A few weeks ago, I blogged here about having stumbled on a protest outside the South Afican Embassy in Trafalgar Square while showing a visiting friend around London. It seems many Zimbabwean exiles are angry that the South African government (at best) appears to be doing nothing to help the democratic opposition to Robert Mugabe’s regime or (at worst) seems to be propping it up and making excuses for it.
Zimbabwean activists in London, with the help of Peter Tatchell (who else, frankly?) upped the ante: South African Foreign Minister, Dr Nkosazana Dlamini Zuma, was ambushed by 10 black Zimbabwean human rights activists in London last tonight. Her lecture at the London School of Economics was repeatedly interrupted with accusations of: “ANC betrays black Zimbabwe”.
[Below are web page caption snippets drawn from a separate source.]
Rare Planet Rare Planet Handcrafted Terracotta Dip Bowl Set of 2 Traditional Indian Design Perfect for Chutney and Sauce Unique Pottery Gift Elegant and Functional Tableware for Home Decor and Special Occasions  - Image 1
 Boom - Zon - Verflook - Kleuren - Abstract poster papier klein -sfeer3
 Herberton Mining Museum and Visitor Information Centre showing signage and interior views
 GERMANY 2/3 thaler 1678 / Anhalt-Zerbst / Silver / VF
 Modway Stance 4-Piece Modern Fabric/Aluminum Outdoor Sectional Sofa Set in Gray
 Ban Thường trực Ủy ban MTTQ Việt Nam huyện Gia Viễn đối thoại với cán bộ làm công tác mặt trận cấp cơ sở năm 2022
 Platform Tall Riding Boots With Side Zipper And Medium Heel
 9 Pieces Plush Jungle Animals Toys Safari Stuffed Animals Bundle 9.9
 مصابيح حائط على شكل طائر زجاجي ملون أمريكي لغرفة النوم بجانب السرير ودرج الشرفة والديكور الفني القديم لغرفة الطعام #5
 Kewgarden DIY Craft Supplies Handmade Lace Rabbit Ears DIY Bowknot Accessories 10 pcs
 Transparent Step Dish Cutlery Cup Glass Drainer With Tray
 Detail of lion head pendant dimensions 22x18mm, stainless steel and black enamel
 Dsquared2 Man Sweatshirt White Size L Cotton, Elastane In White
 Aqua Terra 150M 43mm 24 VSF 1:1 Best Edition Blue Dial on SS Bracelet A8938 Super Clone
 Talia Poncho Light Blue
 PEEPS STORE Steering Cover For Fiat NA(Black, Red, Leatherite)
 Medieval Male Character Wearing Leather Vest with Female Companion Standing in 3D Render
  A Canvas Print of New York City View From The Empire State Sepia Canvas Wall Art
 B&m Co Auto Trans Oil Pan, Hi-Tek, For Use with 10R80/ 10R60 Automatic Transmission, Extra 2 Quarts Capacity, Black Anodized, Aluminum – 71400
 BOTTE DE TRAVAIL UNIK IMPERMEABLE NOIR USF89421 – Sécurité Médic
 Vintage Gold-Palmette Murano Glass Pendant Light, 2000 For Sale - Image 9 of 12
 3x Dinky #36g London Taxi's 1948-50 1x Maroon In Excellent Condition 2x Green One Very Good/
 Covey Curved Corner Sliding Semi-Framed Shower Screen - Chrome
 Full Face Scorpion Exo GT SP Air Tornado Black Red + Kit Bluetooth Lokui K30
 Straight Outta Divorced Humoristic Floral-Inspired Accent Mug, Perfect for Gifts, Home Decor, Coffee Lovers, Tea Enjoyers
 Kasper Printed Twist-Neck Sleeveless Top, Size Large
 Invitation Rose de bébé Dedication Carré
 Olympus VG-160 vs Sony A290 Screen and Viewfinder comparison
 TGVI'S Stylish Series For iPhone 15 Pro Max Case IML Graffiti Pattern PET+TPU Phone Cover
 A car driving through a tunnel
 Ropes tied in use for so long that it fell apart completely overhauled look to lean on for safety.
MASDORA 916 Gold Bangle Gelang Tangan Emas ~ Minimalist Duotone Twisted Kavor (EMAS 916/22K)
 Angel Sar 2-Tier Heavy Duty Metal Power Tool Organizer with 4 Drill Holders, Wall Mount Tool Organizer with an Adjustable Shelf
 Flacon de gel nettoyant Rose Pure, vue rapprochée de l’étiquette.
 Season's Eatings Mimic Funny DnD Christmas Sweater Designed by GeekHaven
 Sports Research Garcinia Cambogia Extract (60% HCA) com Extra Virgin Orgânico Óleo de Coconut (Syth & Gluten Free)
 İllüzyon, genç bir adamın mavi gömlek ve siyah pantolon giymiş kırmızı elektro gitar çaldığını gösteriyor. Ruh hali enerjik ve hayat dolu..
Ironically, one of the themes of Dr Zuma’s speech was “international solidarity”. She praised the late ANC president, Oliver Tambo, saying he was an “ardent internationalist” and a person who believed in “true solidarity”.
Alois Mbawara, one of the protesters, said: “We were sickened to hear Dr Zuma talk about international solidarity when her government is refusing to show solidarity with the persecuted people of Zimbabwe!”
“Why are you doing nothing to help Zimbabwe? The ANC called for solidarity against apartheid. But the ANC government is showing no solidarity with the people of Zimbabwe,” he shouted from the balcony, interupting Dr Zuma’s speech.
Stewards dragged Mbawara out of the auditorium.
At which point, Tatchell walked onto the stage and unrolled a placard saying: “Mbeki’s shame. ANC betrays black Zimbabwe.”
As security guards tried to wrestle him from the stage he called out to Dr Zuma:
“The ANC sits on its hands and looks the other way while Zimbabwe burns,” he told Dr Zuma.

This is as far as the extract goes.